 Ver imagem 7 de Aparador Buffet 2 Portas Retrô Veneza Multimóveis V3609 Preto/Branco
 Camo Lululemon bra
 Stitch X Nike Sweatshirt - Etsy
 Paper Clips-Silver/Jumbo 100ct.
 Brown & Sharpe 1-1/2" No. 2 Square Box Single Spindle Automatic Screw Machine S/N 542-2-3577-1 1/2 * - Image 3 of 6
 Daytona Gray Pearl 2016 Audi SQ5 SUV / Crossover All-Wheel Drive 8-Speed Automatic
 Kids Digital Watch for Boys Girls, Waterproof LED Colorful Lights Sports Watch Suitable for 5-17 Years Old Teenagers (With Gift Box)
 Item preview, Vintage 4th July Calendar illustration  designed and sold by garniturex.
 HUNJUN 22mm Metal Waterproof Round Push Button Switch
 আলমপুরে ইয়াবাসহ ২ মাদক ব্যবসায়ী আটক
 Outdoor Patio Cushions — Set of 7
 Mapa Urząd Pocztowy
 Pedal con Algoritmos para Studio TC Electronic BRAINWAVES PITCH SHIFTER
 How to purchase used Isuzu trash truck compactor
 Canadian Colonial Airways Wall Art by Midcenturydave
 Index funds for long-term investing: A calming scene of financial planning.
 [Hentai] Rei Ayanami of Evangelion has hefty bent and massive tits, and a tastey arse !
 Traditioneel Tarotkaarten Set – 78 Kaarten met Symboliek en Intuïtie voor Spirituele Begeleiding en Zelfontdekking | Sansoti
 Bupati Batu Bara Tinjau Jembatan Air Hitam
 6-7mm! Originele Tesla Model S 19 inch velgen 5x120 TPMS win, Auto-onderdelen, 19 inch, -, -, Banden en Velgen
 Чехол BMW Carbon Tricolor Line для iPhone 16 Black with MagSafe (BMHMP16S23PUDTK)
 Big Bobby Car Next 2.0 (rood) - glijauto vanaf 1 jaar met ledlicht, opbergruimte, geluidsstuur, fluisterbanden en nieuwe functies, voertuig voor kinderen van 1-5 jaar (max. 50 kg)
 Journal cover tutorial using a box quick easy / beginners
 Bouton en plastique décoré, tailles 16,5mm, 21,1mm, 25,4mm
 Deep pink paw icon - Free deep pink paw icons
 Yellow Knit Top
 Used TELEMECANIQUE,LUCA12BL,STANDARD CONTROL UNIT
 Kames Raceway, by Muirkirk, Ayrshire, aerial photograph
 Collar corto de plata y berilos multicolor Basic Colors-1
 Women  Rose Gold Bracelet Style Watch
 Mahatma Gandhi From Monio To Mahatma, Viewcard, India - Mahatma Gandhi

● Required action: Each entry above should be written again exactly.

● Result of this task:
 Ver imagem 7 de Aparador Buffet 2 Portas Retrô Veneza Multimóveis V3609 Preto/Branco
 Camo Lululemon bra
 Stitch X Nike Sweatshirt - Etsy
 Paper Clips-Silver/Jumbo 100ct.
 Brown & Sharpe 1-1/2" No. 2 Square Box Single Spindle Automatic Screw Machine S/N 542-2-3577-1 1/2 * - Image 3 of 6
 Daytona Gray Pearl 2016 Audi SQ5 SUV / Crossover All-Wheel Drive 8-Speed Automatic
 Kids Digital Watch for Boys Girls, Waterproof LED Colorful Lights Sports Watch Suitable for 5-17 Years Old Teenagers (With Gift Box)
 Item preview, Vintage 4th July Calendar illustration  designed and sold by garniturex.
 HUNJUN 22mm Metal Waterproof Round Push Button Switch
 আলমপুরে ইয়াবাসহ ২ মাদক ব্যবসায়ী আটক
 Outdoor Patio Cushions — Set of 7
 Mapa Urząd Pocztowy
 Pedal con Algoritmos para Studio TC Electronic BRAINWAVES PITCH SHIFTER
 How to purchase used Isuzu trash truck compactor
 Canadian Colonial Airways Wall Art by Midcenturydave
 Index funds for long-term investing: A calming scene of financial planning.
 [Hentai] Rei Ayanami of Evangelion has hefty bent and massive tits, and a tastey arse !
 Traditioneel Tarotkaarten Set – 78 Kaarten met Symboliek en Intuïtie voor Spirituele Begeleiding en Zelfontdekking | Sansoti
 Bupati Batu Bara Tinjau Jembatan Air Hitam
 6-7mm! Originele Tesla Model S 19 inch velgen 5x120 TPMS win, Auto-onderdelen, 19 inch, -, -, Banden en Velgen
 Чехол BMW Carbon Tricolor Line для iPhone 16 Black with MagSafe (BMHMP16S23PUDTK)
 Big Bobby Car Next 2.0 (rood) - glijauto vanaf 1 jaar met ledlicht, opbergruimte, geluidsstuur, fluisterbanden en nieuwe functies, voertuig voor kinderen van 1-5 jaar (max. 50 kg)
 Journal cover tutorial using a box quick easy / beginners
 Bouton en plastique décoré, tailles 16,5mm, 21,1mm, 25,4mm
 Deep pink paw icon - Free deep pink paw icons
 Yellow Knit Top
 Used TELEMECANIQUE,LUCA12BL,STANDARD CONTROL UNIT
 Kames Raceway, by Muirkirk, Ayrshire, aerial photograph
 Collar corto de plata y berilos multicolor Basic Colors-1
 Women  Rose Gold Bracelet Style Watch
 Mahatma Gandhi From Monio To Mahatma, Viewcard, India - Mahatma Gandhi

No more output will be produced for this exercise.